European Potato Prices Collapse to EUR15 per Tonne Amid Weak Demand

The European open-market price for potatoes has fallen to its lowest level in recent memory, with a tonne fetching just €15 compared to €150 a year ago, according to Belgian agricultural organisation Boerenbond.
Industry experts say the collapse is driven by a combination of abundant supply and sharply reduced industrial demand. Favourable weather conditions across north-western Europe have produced a bumper harvest, but processors report no appetite for additional volumes.
“At this price, you can’t even cover the harvesting costs,” said Pieter Van Oost, an expert with Boerenbond for Brussel Times. The organisation estimates that while one hectare of potatoes currently generates around €600 in revenue at open-market prices, production costs — including seed, fertiliser, pest control and harvesting — can reach €6,000 per hectare.

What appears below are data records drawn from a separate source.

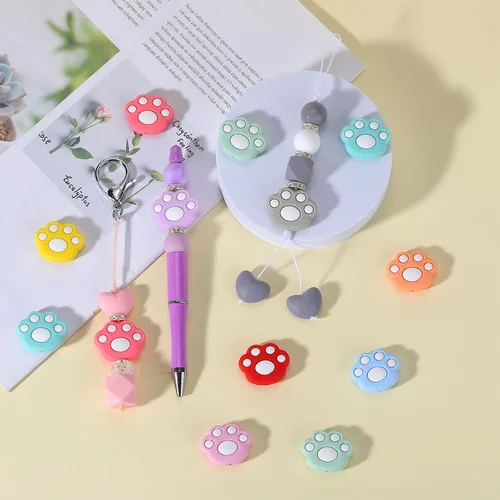 Miniatura 4 de 22 cuentas de silicona de animales y cuentas focales para bolígrafos, manualidades, bolígrafo con cuentas, correas para teléfono (huellas de patas)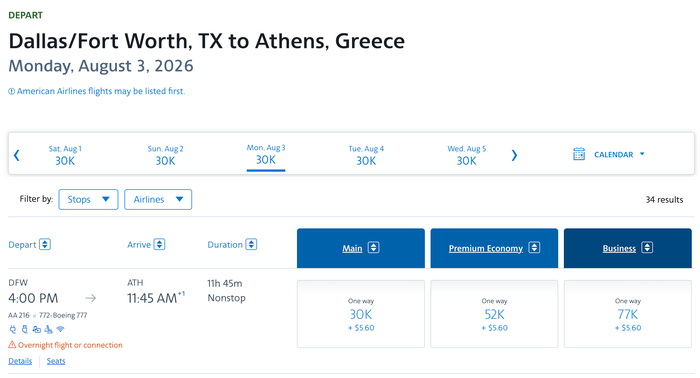 Screenshot 2026 05 14 at 9.50.28 AM AA DFW ATH AAdvantage rates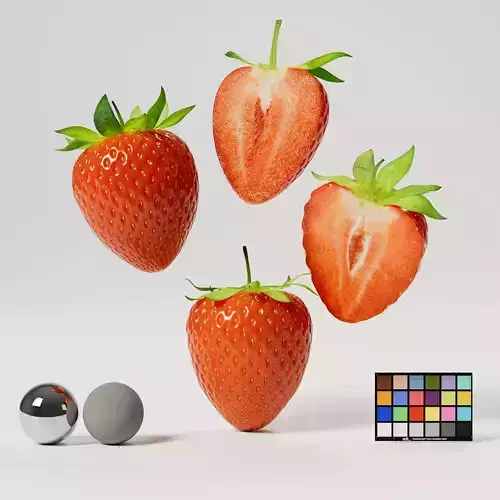Strawberries Low-poly 3D model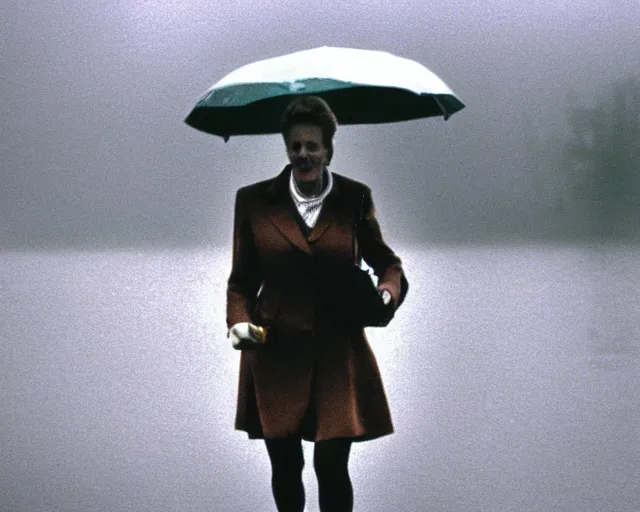 Image similar to margaret thatcher covered in rain wearing bikini, atmospheric moody hyper realistic award winning color cinematic still 8 k
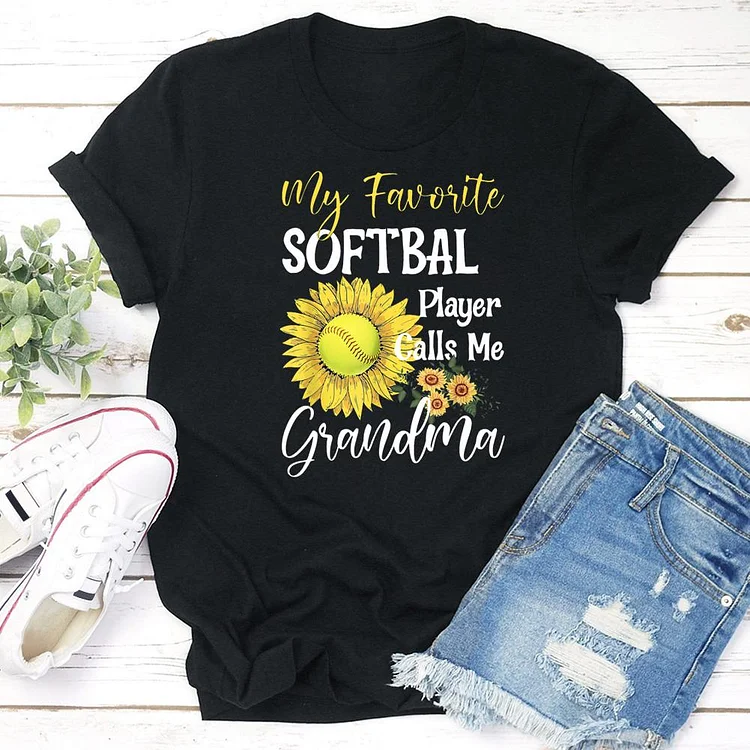 AL™ My favorite softball player call me Grandma T-shirt Tee -03407-Annaletters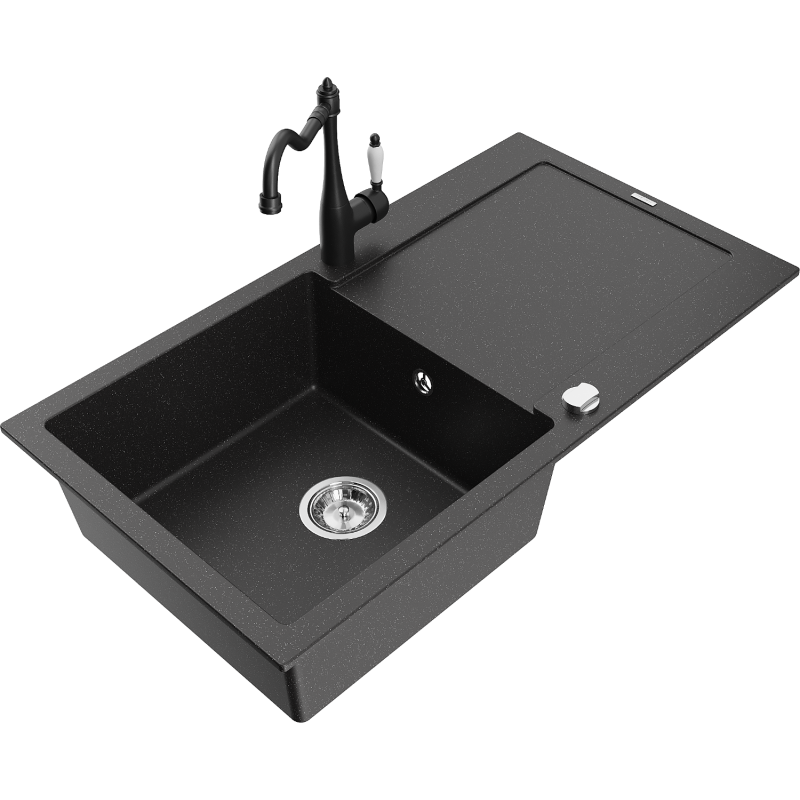 Mexen Leo granite sink 1-bowl with drainer and kitchen tap Carla, black/silver metallic - 6501-73-670700-70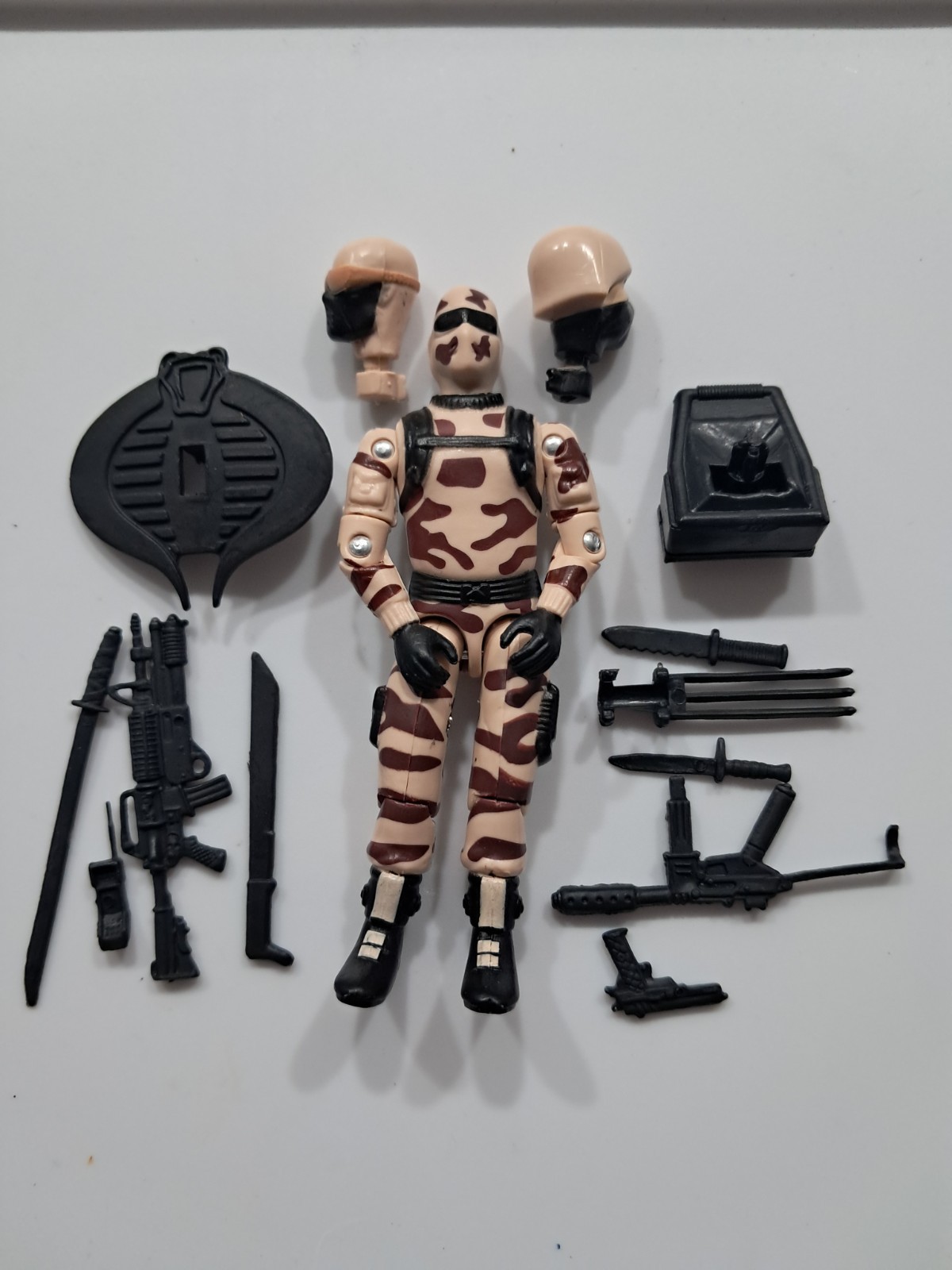 Gi Joe Black Major Snake Eyes Cobra Invasor Desert Camo Trooper Figure 3.75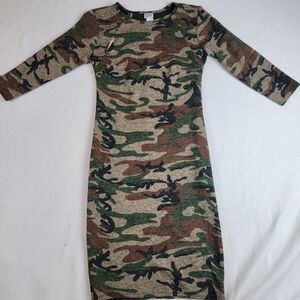 VAMP Cutout Bodycon Camo Dress, Sz Small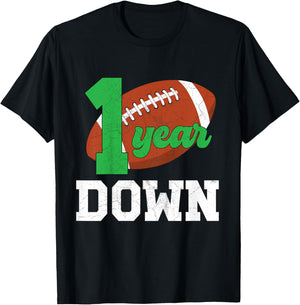 Kids 1st Birthday Party Football Boy One Year Old Football Player T-Shirt - T-Shirt | Black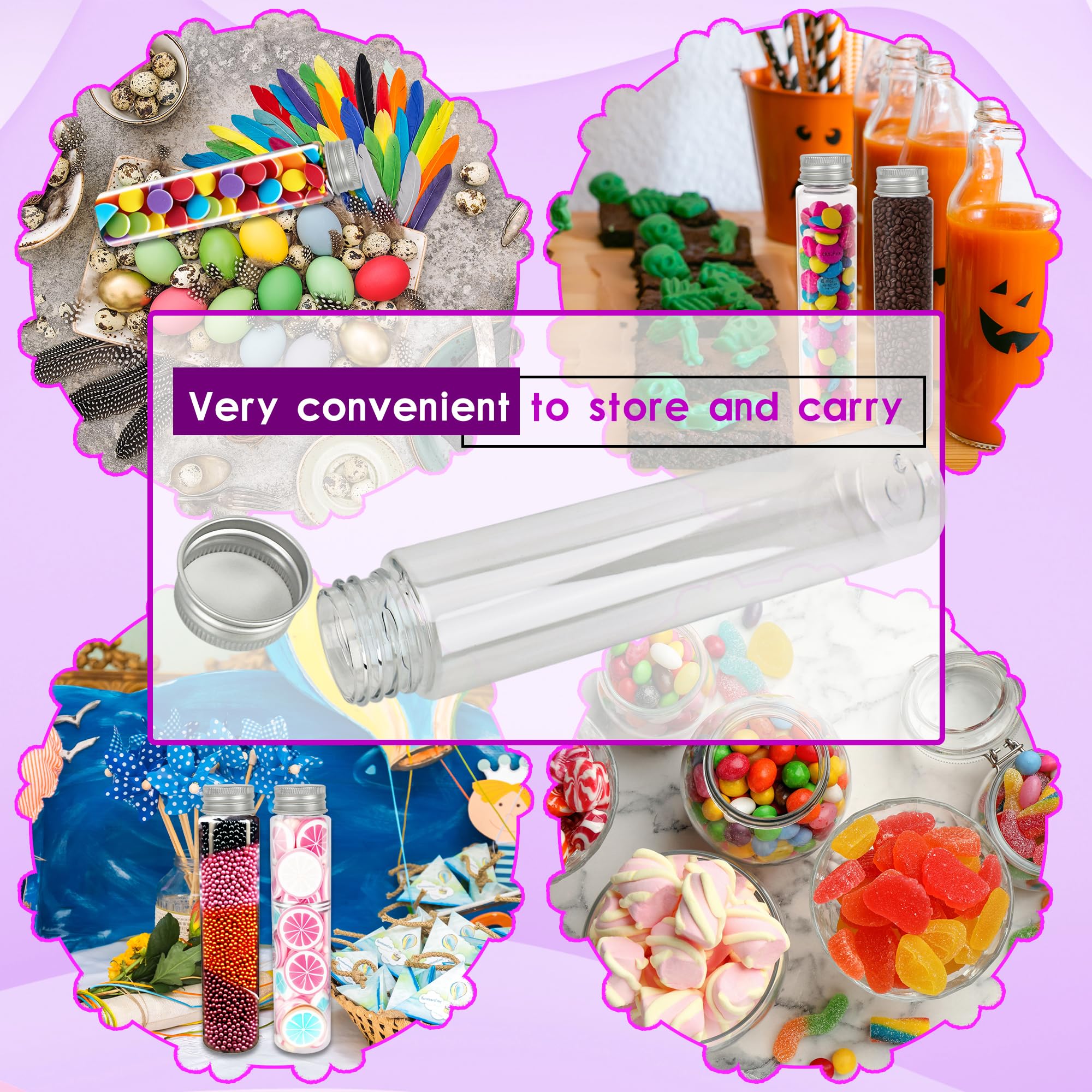 120 tubos de ensayo planos de plástico de 110 ml, tubo de ensayo transparente con tapas de rosca, tubo de ensayo transparente para baño, sal de baño, caramelos, almacenamiento de caramelos, ciencia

The downturn has been particularly severe for early potatoes, which are now being harvested. These varieties must be processed immediately as they cannot be stored. Around 60–70% of early potatoes are sold under pre-agreed contracts to processors, mainly frozen fry manufacturers. These contracts, negotiated at the end of last year when the industry was performing strongly, still cover production costs. However, the remainder of the crop enters the open market, where prices are dictated by oversupply.
Boerenbond reports that Belgian, German, and Dutch processors require 500,000 tonnes less pre-cooked potato products this season than last. The reasons remain unclear, though industry sources point to increased competition from Asian producers, particularly in China and India, as well as currency and trade pressures. A strong euro is making EU frozen fries less competitive in export markets, while ongoing trade tensions are also weighing on sales.
The early potato segment represents only a fraction of total European output. The bulk of the harvest — storage potatoes, which can be kept until late spring — will be lifted from late September onwards. Current field conditions suggest these later crops will also deliver high yields, raising the prospect of continued pressure on open-market prices well into 2026.